No obstante, a su explosión de cólera le faltó convicción, pues dejó que Dornick lo cortara a media frase.
– Strangwell dice que Petra hacía de detective para ti, Vicki.
– Vic -lo corregí.
Les Strangwell no hizo caso:
– Tuve que leerle la cartilla a Petra cuando descubrí que buscaba información para Vicki aquí, en horas de trabajo. Lo siento, Peter. Ahora, no puedo dejar de preguntarme si heriría su orgullo y la empujaría a desaparecer.
– No es que Petra sea hipersensible -dijo mi tío-, pero es usted un hijo de puta tan insensible, Strangwell, que tal vez fue más cruel de lo que usted mismo se daba cuenta en ese momento.

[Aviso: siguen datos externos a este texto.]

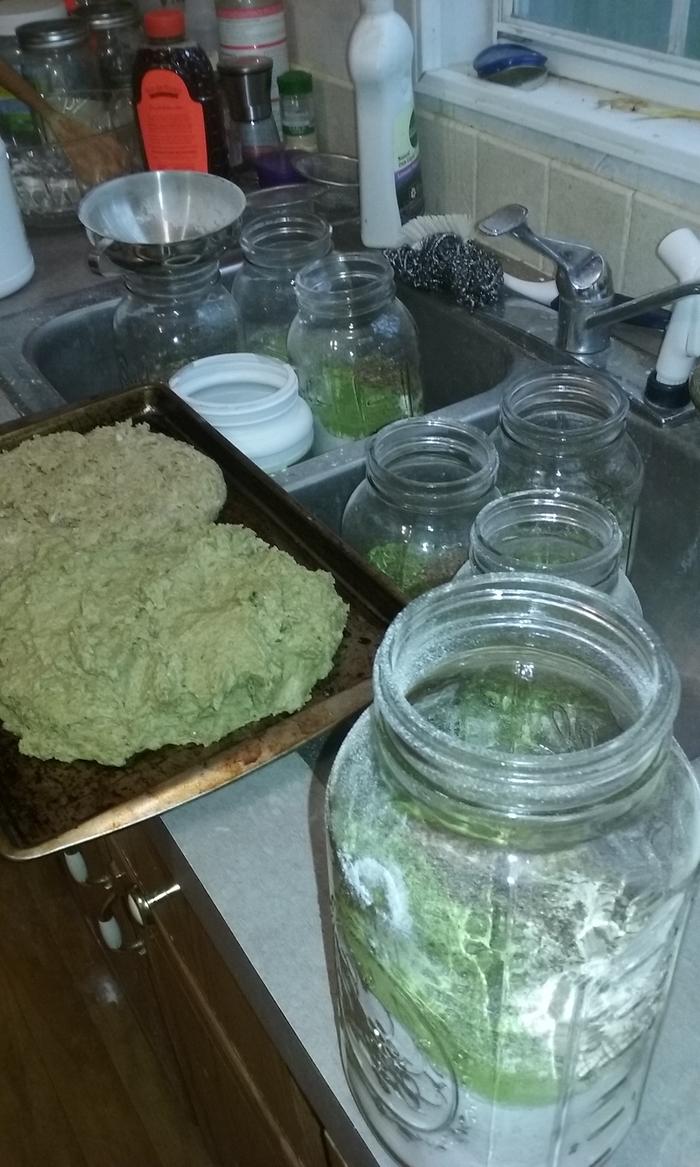 I have started making my own moringa bread.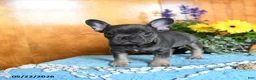 French Bulldog dogs for sale: Pepper - Ad 4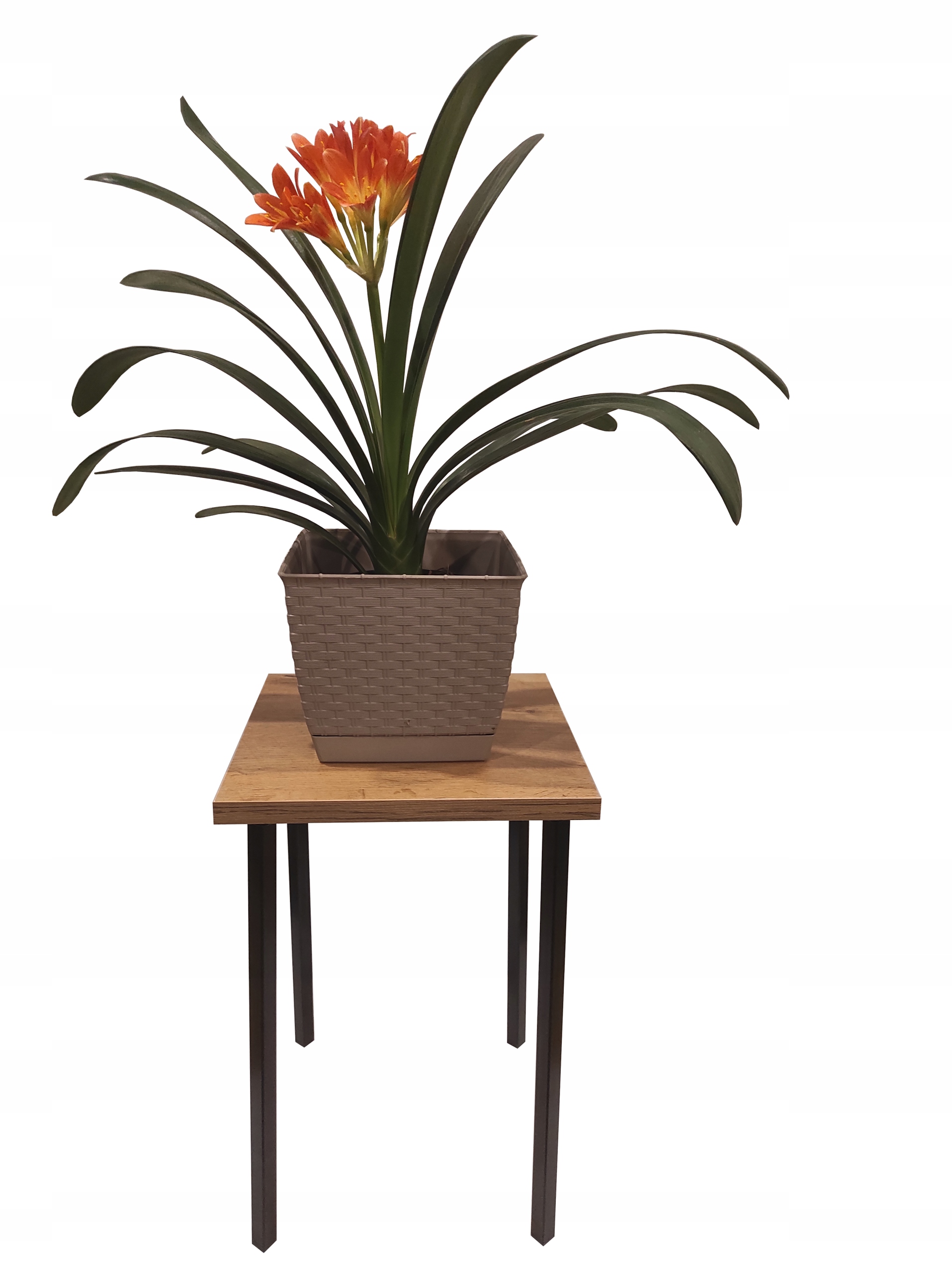 Kwietnik z epoki, stojak, podstawka, metalowy Długość 29 cm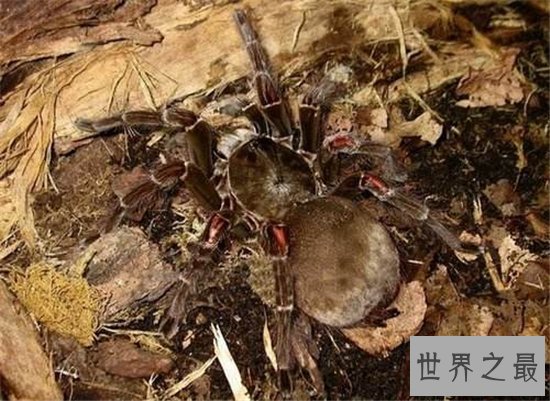 蜢蜘身上爪子都有毒,属于蜘蛛种类中体型较大的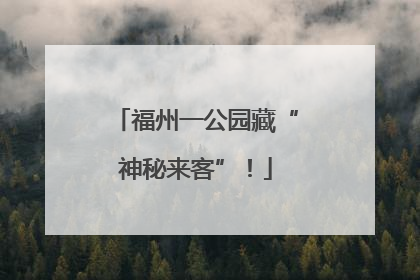 福州一公园藏“神秘来客”！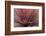 Abstract of Red Flax Plant, Portland, Oregon, USA-Jaynes Gallery-Framed Photographic Print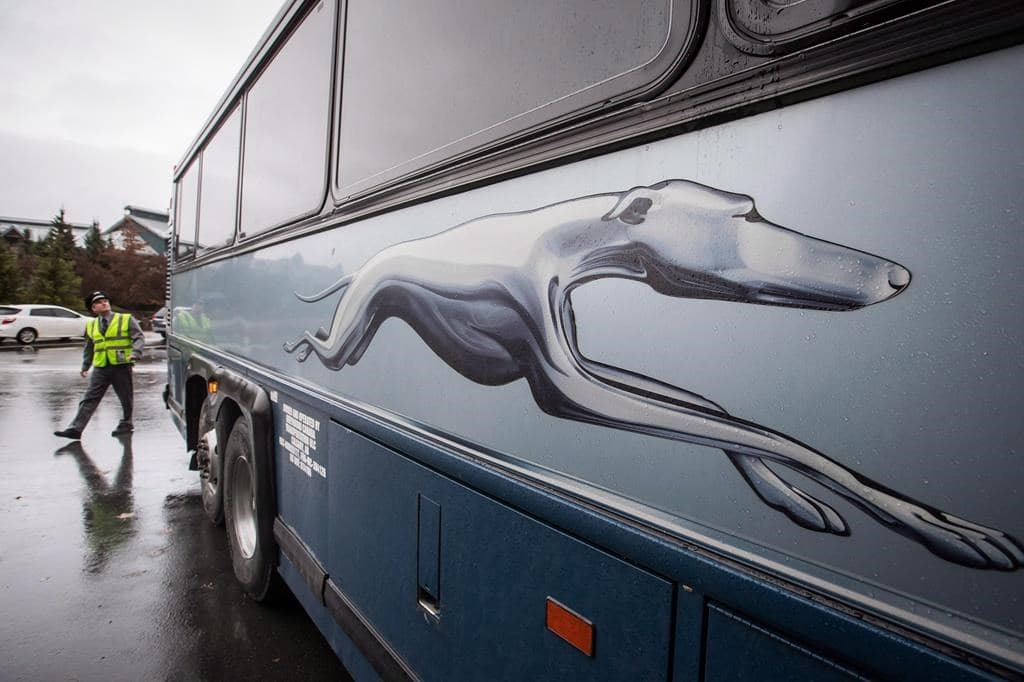 greyhound-canada-to-shut-down-temporarily-all-bus-routes-as-ridership-plunges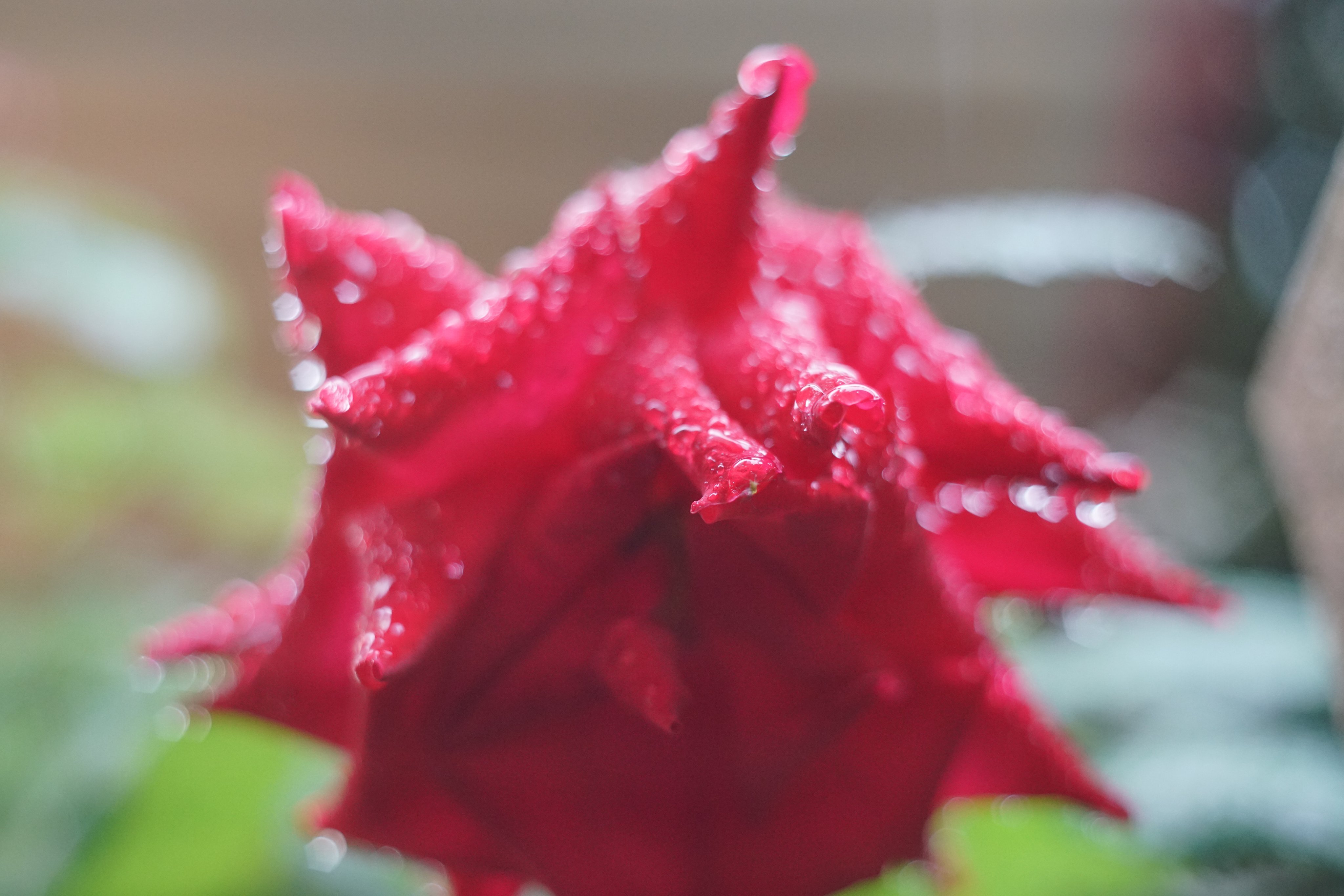 Meyer Optik Gorlitz Oreston 50mm F1.8｜もとぴー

– Vaya coro tan extraño -dije, intentando no perder la calma porque me impediría ser ecuánime-. ¿Es eso lo que han estado haciendo mientras esperaba? ¿Ponerse de acuerdo en la letra y la música? ¿Petra salió corriendo porque Strangwell fue demasiado duro con ella? Yo le di un buen rapapolvo por haber hurgado en mis cosas personales y lo encajó sin el menor pestañeo, ¿y ahora me quieren convencer de que podría haberse esfumado porque su jefe hirió sus sentimientos?
– George está organizando un equipo -dijo Harvey Krumas-. Mire, Vic, sabemos cuánto quiere a su prima, pero alguien como usted, más que ayudarnos, nos perjudicará.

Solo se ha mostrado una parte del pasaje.